— ASSIGNED TASK —
Would you reproduce exactly the lines below from the one holding "An industrial console" through the one holding "A marching band", inclusive, and no others?

— EXERCISE MATERIALS —
-=-=-=-=-
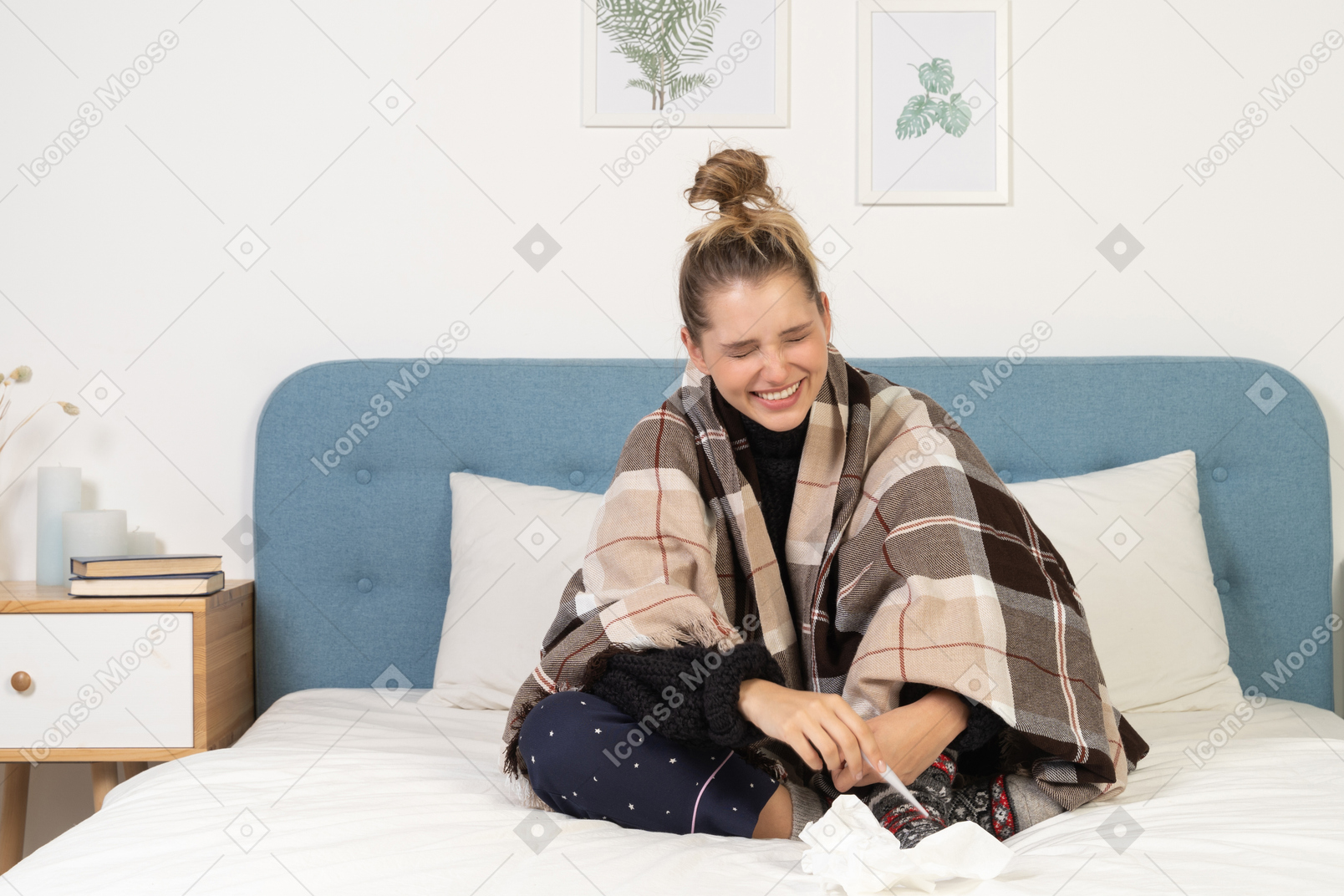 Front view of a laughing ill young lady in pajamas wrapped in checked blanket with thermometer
-=-=-=-=-
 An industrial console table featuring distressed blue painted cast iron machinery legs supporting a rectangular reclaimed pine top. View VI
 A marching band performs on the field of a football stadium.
-=-=-=-=-
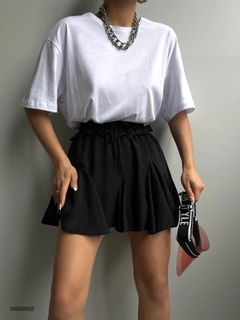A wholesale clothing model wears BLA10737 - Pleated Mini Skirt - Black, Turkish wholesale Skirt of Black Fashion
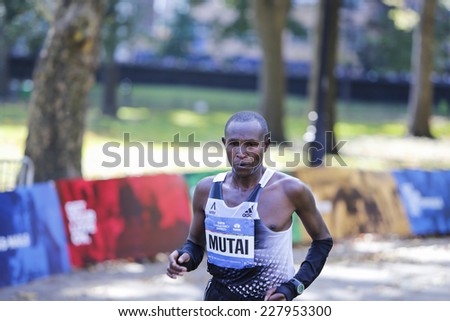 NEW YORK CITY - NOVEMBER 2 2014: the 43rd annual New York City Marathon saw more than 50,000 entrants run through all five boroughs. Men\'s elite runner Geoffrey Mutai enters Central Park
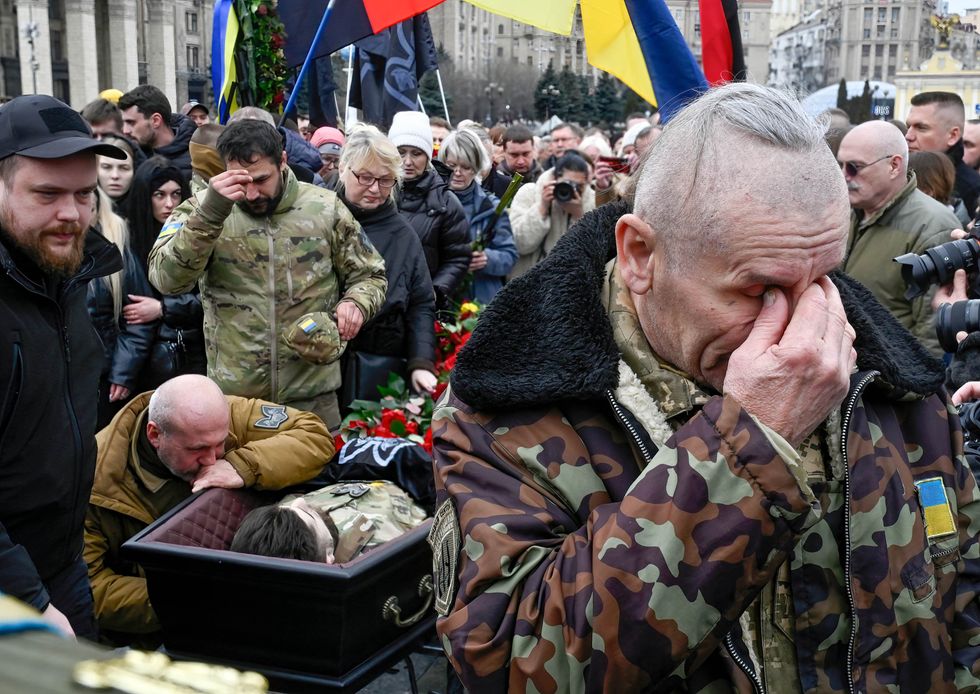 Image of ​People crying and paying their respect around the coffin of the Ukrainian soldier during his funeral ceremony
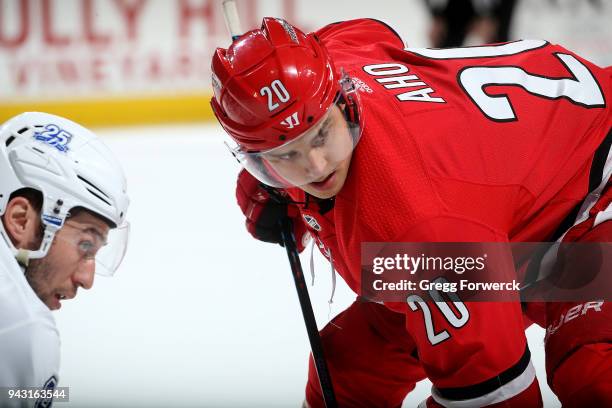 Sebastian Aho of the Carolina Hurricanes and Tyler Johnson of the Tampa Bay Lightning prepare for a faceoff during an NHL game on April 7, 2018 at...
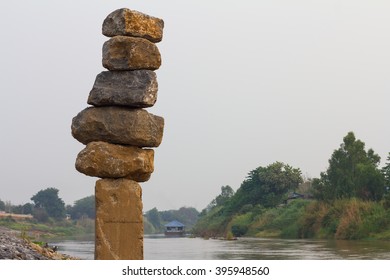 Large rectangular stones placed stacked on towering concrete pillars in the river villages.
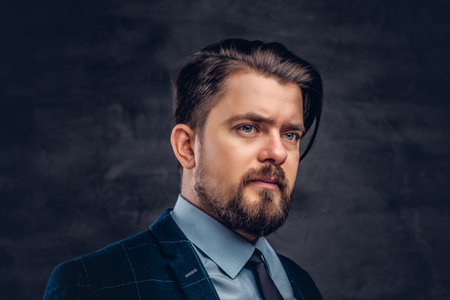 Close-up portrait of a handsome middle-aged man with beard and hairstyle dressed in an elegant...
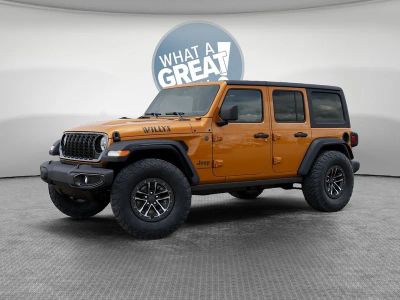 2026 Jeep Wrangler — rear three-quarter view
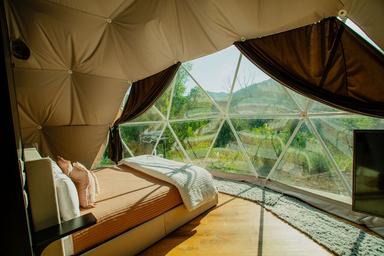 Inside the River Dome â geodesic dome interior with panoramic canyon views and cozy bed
-=-=-=-=-
— TASK RESULT —
 An industrial console table featuring distressed blue painted cast iron machinery legs supporting a rectangular reclaimed pine top. View VI
 A marching band performs on the field of a football stadium.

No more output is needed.